To combat implicit bias, the Joint Commission suggests using the following cognitive skills:

  • Perspective-taking: Strive to see things from the patient’s point of view.

  • Emotional regulation: According to the Joint Commission, clinicians who experience positive emotions while providing their services “may be less likely to view patients in terms of their individual attributes.”

  • Partnership-building: Thinking of patients as partners in the care continuum, rather than recipients of care. 


Chances are, your hospitalized patients dislike and/or fear:

  • Waiting to be discharged. Studies indicate that discharge before noon is still a work in progress, and it helps to start the process as soon as possible.
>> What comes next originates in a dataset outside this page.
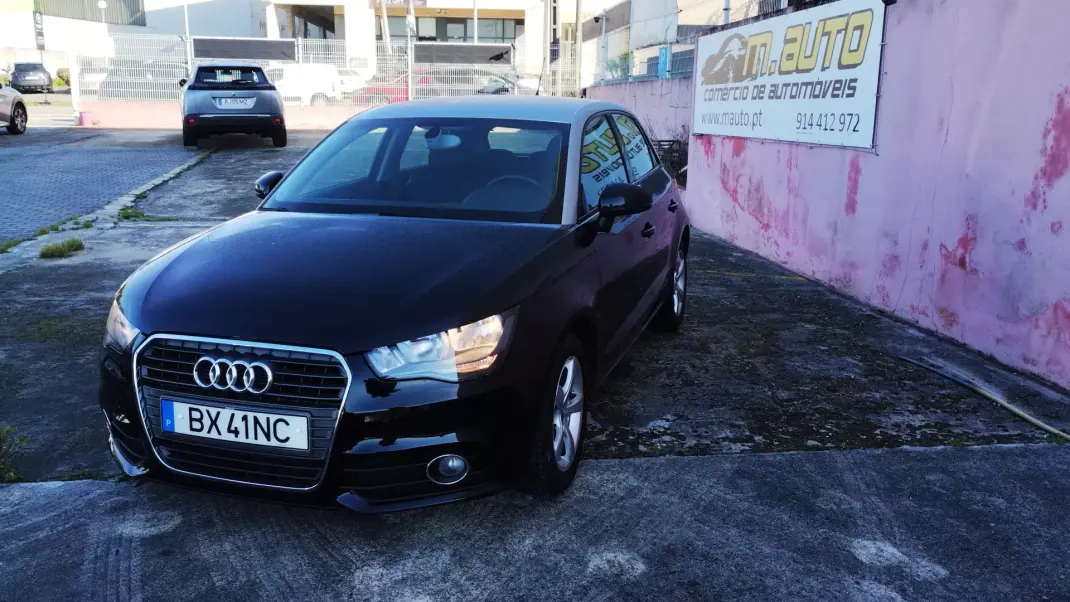 Audi A1 Sportback 2014 - 10999 EUR, 159000 km - AUTO.MOTO.pt - 159000km - foto 7 de 37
  • Getting an infection. It seems COVID may have increased rates of hospital-acquired infections. Research indicates that doctors benefit from external hand hygiene reminders, so if you see your colleague slacking, maybe give them a nudge.

  • Feeling misunderstood or discriminated against. Ageism, sexism, and racism persist in healthcare. Doctors can strengthen meta-cognitive skills to become more aware of where they may be implicitly biased.